*Excited to share on DaySpring’s (in)courage blog today:
As I watched them play on the driveway, I longed for an ounce of their energy. Five kids were playing chase. Two were playing basketball. It was a beautiful day, and I could hear their laughter from the other side of the window. I should’ve felt joy at the scene before me, but what I really felt was exhausted, depleted. I was running on fumes and clinging to my third cup of coffee.
For years, I operated like this, drinking lots of caffeine but pouring from an empty cup. Somewhere I bought into the narrative that it was my job as a Christian woman, mom, and wife to pour out and then pour out some more. Serve others. Put them first. Sacrifice and sacrifice some more. These are the ways of Jesus.
It took me many years and many tear-soaked conversations with God to finally realize that His command is to love others, but to love them as myself.
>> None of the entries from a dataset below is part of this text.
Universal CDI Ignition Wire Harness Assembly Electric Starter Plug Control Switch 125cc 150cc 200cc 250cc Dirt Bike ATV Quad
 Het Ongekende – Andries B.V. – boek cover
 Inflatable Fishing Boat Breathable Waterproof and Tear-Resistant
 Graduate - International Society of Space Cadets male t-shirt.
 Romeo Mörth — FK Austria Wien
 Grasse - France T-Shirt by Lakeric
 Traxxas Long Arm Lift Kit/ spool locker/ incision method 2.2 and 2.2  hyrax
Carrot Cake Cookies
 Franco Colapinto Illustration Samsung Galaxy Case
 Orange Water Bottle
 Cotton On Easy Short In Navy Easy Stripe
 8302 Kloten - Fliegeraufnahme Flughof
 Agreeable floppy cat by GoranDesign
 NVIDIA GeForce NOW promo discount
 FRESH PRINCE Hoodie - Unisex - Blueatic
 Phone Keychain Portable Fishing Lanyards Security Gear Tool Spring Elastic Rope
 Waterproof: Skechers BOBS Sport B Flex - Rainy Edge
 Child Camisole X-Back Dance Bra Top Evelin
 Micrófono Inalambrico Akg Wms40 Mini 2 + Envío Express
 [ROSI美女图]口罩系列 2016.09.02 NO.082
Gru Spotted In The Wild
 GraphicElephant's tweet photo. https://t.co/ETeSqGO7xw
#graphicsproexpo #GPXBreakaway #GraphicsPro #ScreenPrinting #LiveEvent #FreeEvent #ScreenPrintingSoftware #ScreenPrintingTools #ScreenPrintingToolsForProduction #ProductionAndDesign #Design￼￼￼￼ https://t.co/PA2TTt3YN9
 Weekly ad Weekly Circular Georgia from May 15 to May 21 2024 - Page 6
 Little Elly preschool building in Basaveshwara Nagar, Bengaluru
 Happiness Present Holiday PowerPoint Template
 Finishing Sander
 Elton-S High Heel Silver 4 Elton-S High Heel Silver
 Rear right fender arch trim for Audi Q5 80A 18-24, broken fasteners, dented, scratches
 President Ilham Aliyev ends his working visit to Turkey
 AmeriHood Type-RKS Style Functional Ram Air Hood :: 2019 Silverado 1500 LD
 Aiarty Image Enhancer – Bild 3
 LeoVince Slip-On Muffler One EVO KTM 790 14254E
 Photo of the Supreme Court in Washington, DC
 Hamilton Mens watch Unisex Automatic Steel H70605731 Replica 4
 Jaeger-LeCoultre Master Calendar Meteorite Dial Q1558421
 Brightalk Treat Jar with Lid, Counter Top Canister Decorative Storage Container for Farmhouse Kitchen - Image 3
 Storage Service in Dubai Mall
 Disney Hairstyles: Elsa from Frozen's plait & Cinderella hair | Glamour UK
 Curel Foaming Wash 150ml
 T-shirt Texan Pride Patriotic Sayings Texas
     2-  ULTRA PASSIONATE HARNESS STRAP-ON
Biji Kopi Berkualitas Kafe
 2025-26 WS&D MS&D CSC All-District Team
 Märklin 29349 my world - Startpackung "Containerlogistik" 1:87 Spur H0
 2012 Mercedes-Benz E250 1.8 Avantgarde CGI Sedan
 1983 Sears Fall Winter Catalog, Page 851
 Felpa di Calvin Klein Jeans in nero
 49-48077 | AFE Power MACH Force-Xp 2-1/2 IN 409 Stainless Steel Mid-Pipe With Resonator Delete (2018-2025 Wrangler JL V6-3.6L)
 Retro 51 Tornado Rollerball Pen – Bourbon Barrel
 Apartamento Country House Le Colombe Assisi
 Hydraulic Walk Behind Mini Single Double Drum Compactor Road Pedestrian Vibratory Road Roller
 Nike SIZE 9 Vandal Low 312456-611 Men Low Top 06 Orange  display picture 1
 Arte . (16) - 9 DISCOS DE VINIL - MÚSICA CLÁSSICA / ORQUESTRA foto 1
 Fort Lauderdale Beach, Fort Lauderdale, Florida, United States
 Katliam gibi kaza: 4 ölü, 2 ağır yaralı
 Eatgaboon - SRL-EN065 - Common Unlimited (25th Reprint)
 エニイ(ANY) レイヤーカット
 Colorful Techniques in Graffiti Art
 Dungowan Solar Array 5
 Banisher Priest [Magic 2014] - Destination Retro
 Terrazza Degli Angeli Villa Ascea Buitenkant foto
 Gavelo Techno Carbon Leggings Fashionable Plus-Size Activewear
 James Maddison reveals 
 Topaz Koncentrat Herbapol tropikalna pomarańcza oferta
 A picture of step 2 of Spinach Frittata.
While I was following the first half of that sentence, I was skipping over the second half. I was forgetting that I had to care for myself well in order to care for others well.
Soul care and nourishment are not good ideas or luxuries. I have learned they are necessary if I am going to live out the ways of Jesus. Love and grace have to come in before they can spill it out.
What’s interesting, though, is that when we think about nourishing our souls, we usually think the answer is consumption. An empty cup needs to be filled, so we consume. We do Bible studies, read devotions, and listen to podcasts and sermons. All of that is good and necessary, of course, but what those years of depletion and exhaustion taught me was that the real reason I was tired was that I was trying to carry too much. My hands were full and holding too tightly to a world I was trying to control. Clenched hands are not a posture of receiving anything, including God’s grace.
So, for me, soul care starts with surrender. This means literally laying my worries at the foot of the cross. Sometimes, I name them one by one. Sometimes I lay them down in a jumbled mess that can’t be put into words. Either way, the process is never as easy as it should be.